#### [Work task]
Taking the data below, please print only the lines from the line holding "Thank you very" to the line holding "The purpose of", inclusive, with pictures omitted.
══ Records provided
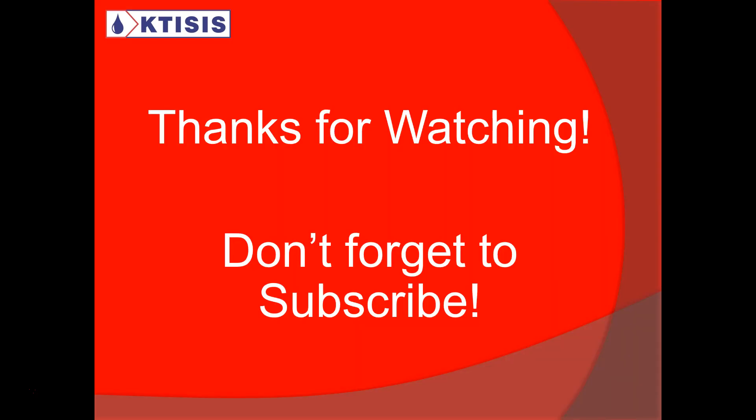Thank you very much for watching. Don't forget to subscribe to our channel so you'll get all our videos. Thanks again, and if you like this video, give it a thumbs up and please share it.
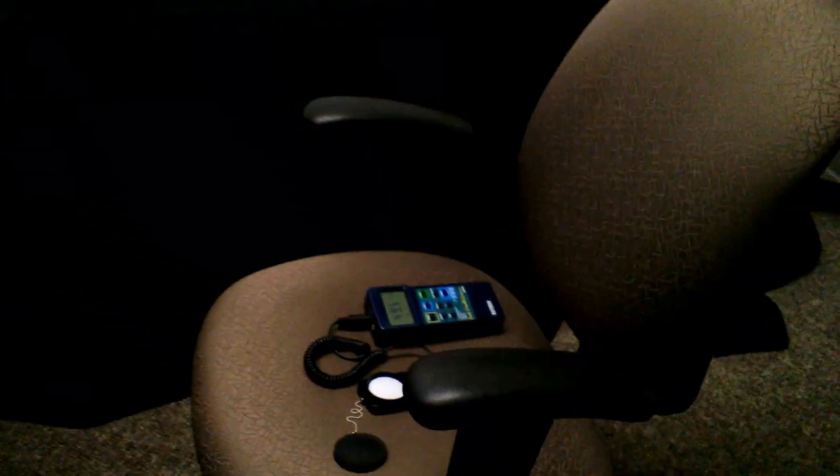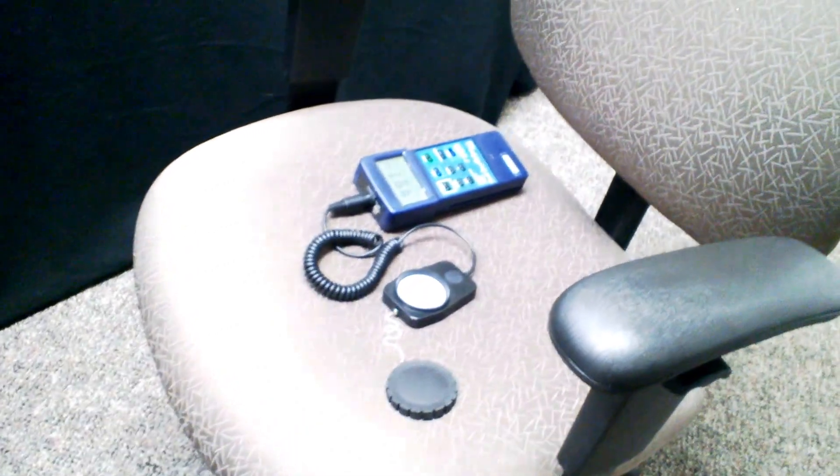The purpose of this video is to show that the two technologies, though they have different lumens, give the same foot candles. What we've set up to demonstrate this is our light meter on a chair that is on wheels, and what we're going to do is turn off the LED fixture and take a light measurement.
════
══ Records provided
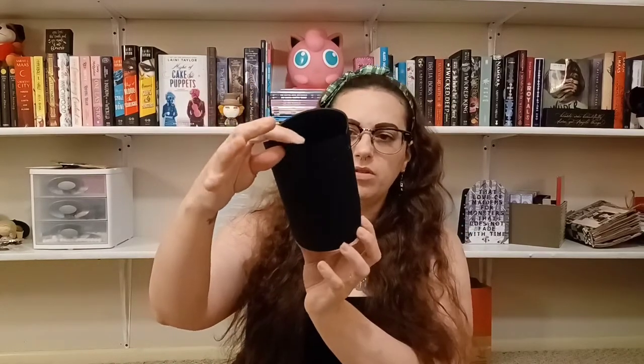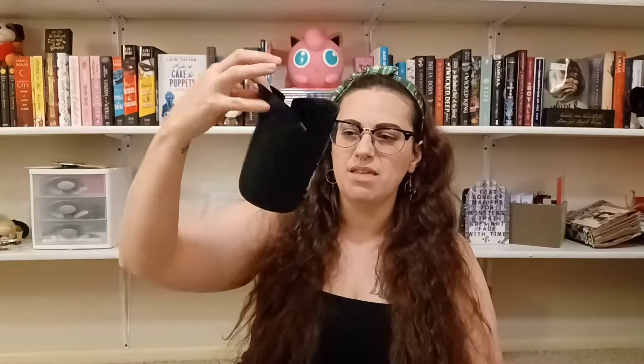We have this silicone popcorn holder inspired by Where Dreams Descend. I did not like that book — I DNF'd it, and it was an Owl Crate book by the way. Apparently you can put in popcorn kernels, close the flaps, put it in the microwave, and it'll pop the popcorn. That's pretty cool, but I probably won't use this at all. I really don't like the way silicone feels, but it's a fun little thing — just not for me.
════
#### [Reply]
Thank you very much for watching. Don't forget to subscribe to our channel so you'll get all our videos. Thanks again, and if you like this video, give it a thumbs up and please share it.
The purpose of this video is to show that the two technologies, though they have different lumens, give the same foot candles. What we've set up to demonstrate this is our light meter on a chair that is on wheels, and what we're going to do is turn off the LED fixture and take a light measurement.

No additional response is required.